Would you print the lines below exactly, beginning at the line that has "Bedroom - 311" and stopping after the line that has "the robes) 不要讥毁沙门相"? Only those lines, and no pictures.

• **SOURCE INFORMATION**:
━━━━━━━━━━━━━━━━━━━━━━━━━━━━━━
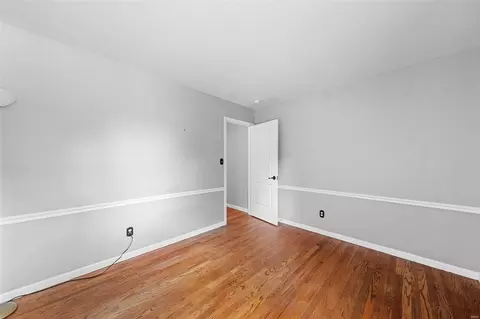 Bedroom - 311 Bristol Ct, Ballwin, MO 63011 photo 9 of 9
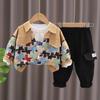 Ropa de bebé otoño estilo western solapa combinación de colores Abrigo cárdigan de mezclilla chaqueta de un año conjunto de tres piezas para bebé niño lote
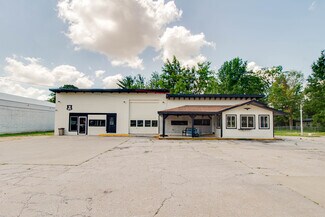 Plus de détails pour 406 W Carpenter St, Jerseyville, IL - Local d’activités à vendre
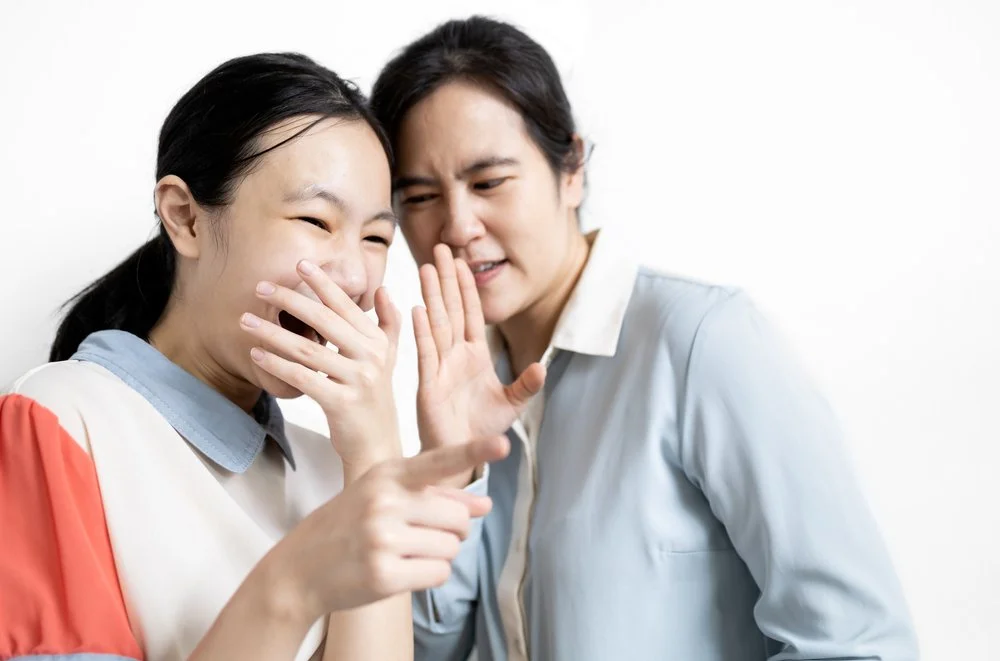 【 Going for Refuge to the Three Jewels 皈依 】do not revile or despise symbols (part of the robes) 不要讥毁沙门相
━━━━━━━━━━━━━━━━━━━━━━━━━━━━━━
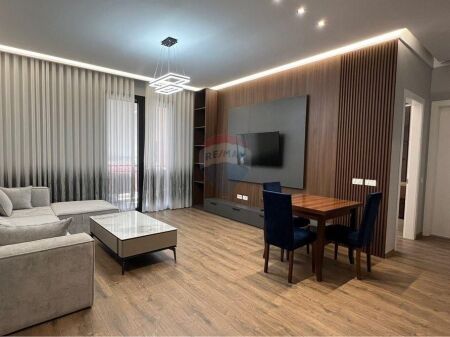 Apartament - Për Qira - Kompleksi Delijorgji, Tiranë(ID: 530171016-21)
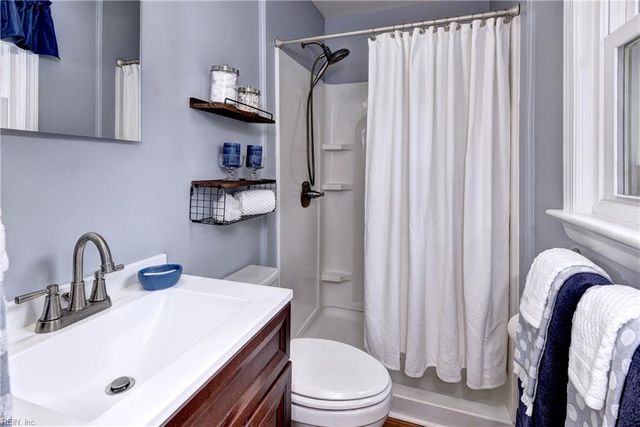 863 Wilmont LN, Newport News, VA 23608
━━━━━━━━━━━━━━━━━━━━━━━━━━━━━━
• **COMPLETED EXERCISE**:
 Bedroom - 311 Bristol Ct, Ballwin, MO 63011 photo 9 of 9
 Ropa de bebé otoño estilo western solapa combinación de colores Abrigo cárdigan de mezclilla chaqueta de un año conjunto de tres piezas para bebé niño lote
 Plus de détails pour 406 W Carpenter St, Jerseyville, IL - Local d’activités à vendre
 【 Going for Refuge to the Three Jewels 皈依 】do not revile or despise symbols (part of the robes) 不要讥毁沙门相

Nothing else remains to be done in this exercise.